In this paper, based on the dataset built by Liu et al. [27] in our group, amino acid composition, motif frequency, predicted secondary structure information, and the interaction of predicted secondary structure segments were applied for the recognition of protein folds. These features reflect the sequence information, structural information, and functional information. Based on the ensemble classification strategy with the Random Forest algorithm, improved identification results of 27-class protein folds and structural classifications were achieved.

2. Materials and Methods

2.1. Protein Folds Dataset

The dataset used in this paper was built by Liu et al. [27] in our group. The sequence identity of the dataset was below 35%. The number of sequences in each fold was not less than 10. The training set and testing set contained 956 protein chains and 939 protein chains, respectively. The distribution of corresponding folds name, number of sequences, and structural class is shown in Table 1. The other dataset used in this paper was built by Ding and Dubchak and reorganized by Shen and Chou [21]. The dataset with sequence identity below 35% used by many researchers contained a training set including 311 protein chains and a testing set including 383 protein chains. The distribution information of corresponding protein folds is also shown in Table 1. The dataset is available at the following website: http://202.207.29.245:8080/Ha/HomePage/fzxHomePage.jsp.

Table 1.

Datasets of 27-class protein folds.

Fold Dataset built by Liu et al. [27] Dataset built by Ding and Dubchak [11]
Training set Testing set Training set Testing set
All α structural class 174 169 54 61
 (1) Globin-like 14 14 13 6
 (2) Cytochrome c 10 10 7 9
 (3) DNA-binding 3-helical bundle 92 90 12 20
 (4) 4-helical up-and-down bundle 25 24 7 8
 (5) 4-helical cytokines 8 8 9 9
 (6) Alpha; EF-hand 25 23 6 9
All β structural classes 260 254 109 117
 (7) Immunoglobulin-like β-sandwich 86 85 30 44
 (8) Cupredoxins 18 18 9 12
 (9) Viral coat and capsid proteins 24 24 16 13
 (10) ConA-like lectins/glucanases 18 17 7 6
 (11) SH3-like barrel 41 41 8 8
 (12) OB-fold 29 28 13 19
 (13) Trefoil 11 10 8 4
 (14) Trypsin-like serine proteases 17 16 9 4
 (15) Lipocalins 16 15 9 7
α/β structural class 341 337 115 143
 (16) (TIM)-barrel 93 92 29 48
 (17) FAD (also NAD)-binding motif 5 5 11 12
 (18) Flavodoxin-like 37 36 11 13
 (19) NAD(P)-binding Rossmann-fold 17 16 13 27
 (20) P-loop-containing nucleotide 74 73 10 12
 (21) Thioredoxin-like 37 36 9 8
 (22) Ribonuclease H-like motif 39 40 10 12
 (23) Hydrolases 33 33 11 7
 (24) Periplasmic binding protein-like 6 6 11 4
α + β structural class 181 179 33 62
 (25) β-Grasp 39 39 7 8
 (26) Ferredoxin-like 101 99 13 27
 (27) Small inhibitors, toxins, and lectins 41 41 13 27

Overall 956 939 311 383

The dataset built in our group was according to Ding and Dubchak's description about the construction of protein folds dataset in literature [11]. The number of sequences in the dataset was three times greater than Ding and Dubchak's dataset [11].

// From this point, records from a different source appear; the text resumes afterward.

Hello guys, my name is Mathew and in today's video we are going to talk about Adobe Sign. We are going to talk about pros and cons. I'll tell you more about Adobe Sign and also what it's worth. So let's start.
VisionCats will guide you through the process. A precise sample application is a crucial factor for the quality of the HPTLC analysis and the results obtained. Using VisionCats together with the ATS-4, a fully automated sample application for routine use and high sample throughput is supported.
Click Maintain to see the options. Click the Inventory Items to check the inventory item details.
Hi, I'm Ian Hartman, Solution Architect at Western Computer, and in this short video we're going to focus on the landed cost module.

2.2. The Selection of Feature Parameters

2.2.1. Amino Acid Composition (A)

The distributions of the 20 amino acid residues in protein sequences for different protein folds are obviously different, and previous researches have shown that amino acid composition is associated with protein folding information [11, 15, 17, 22]. In this paper, we extracted the occurrence frequencies of 20 amino acid residues in protein sequences; thus we got a 20-dimensional vector. Thus amino acid composition was proposed as a feature parameter (A).

2.2.2. Motif Information (M)

A motif is the conserved local region in a protein during evolution [28], which often has a relationship with biological functions. For example, some motifs are related to DNA-binding sites and enzyme catalytic sites [29]. As feature parameters, motif information has been successfully applied for the prediction of super family, protein folds, and so forth [27, 28, 30]. Two kinds of motifs were used in this paper: one with biological functions obtained by searching the existing functional motif dataset PROSITE [31] and the other with statistically significant motifs searched by MEME (http://meme.nbcr.net/meme/cgi-bin/meme.cgi). Motif information (M) includes functional motifs and statistical motif.

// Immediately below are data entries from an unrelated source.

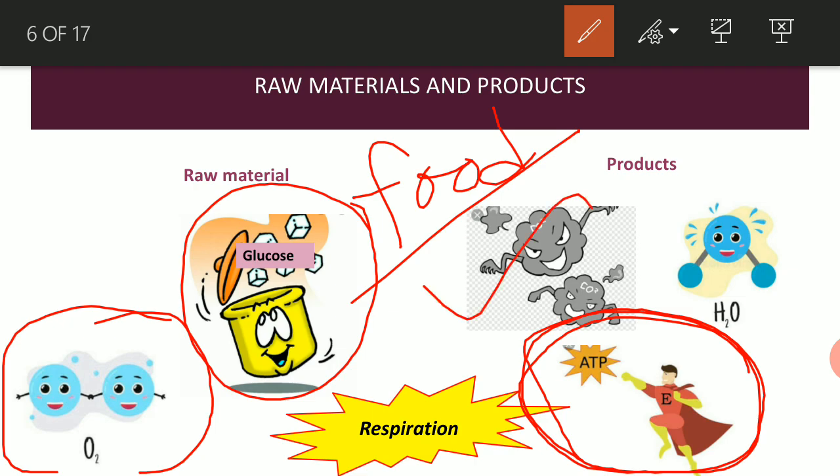The byproducts include carbon dioxide, which is harmful to our body and must be released back into the atmosphere. This carbon dioxide is then reutilized by plants in the process of photosynthesis. Another byproduct is water, which is also released from our body. This energy production process is known as respiration — the process through which, from food material in the presence of oxygen, energy molecules are produced.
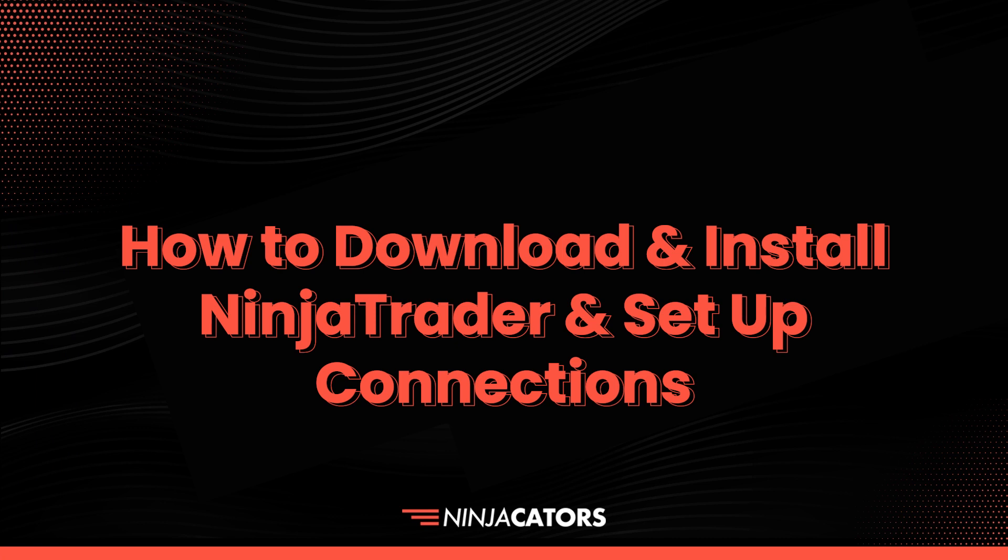Hello Traders and welcome to the NinjaTrader Jumpstart Online Class, How to Get Started with NinjaTrader in No Time Flat. In this video we're going to walk you through how to download and install NinjaTrader and how to set up your trading connection in under 5 minutes.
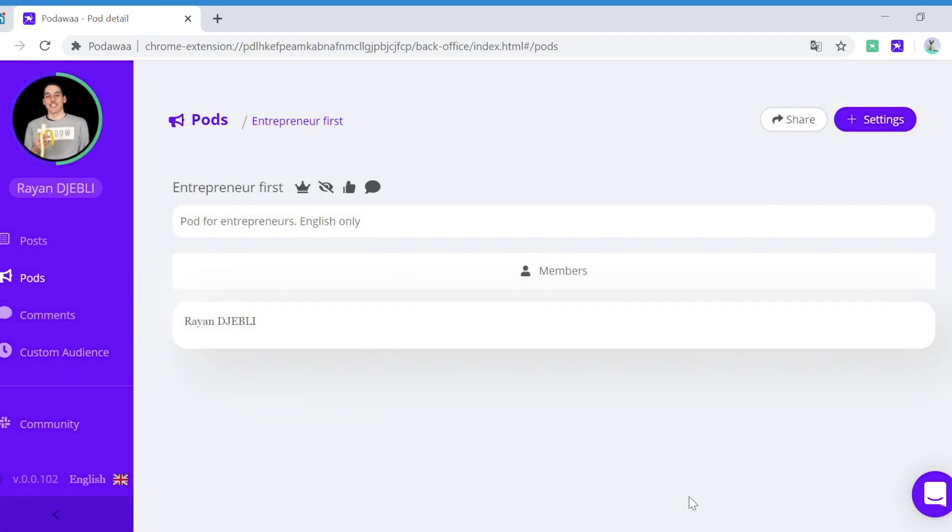That's it. The next step is how to create your first post via Podawa.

(1) Functional Motif. The PROSITE dataset was used to gather protein sequence patterns with notable biological functions. PS_SCAN packets provided by the PROSITE dataset and compiled by a Perl program were used as a motif-scan tool to search the sequences of 27-class folds training set; 45 functional motifs were obtained and selected. For an arbitrary sequence in dataset, the frequencies of different motifs in the sequence were recorded. If a motif occurred once, the corresponding frequency value was recorded as “1”; if the motif occurred twice, the value would be 2, and so on; otherwise if the motif did not occur, the corresponding frequency value was recorded as “0.” Thus, the frequencies of different functional motifs in a protein sequence were converted into a 45-dimensional vector.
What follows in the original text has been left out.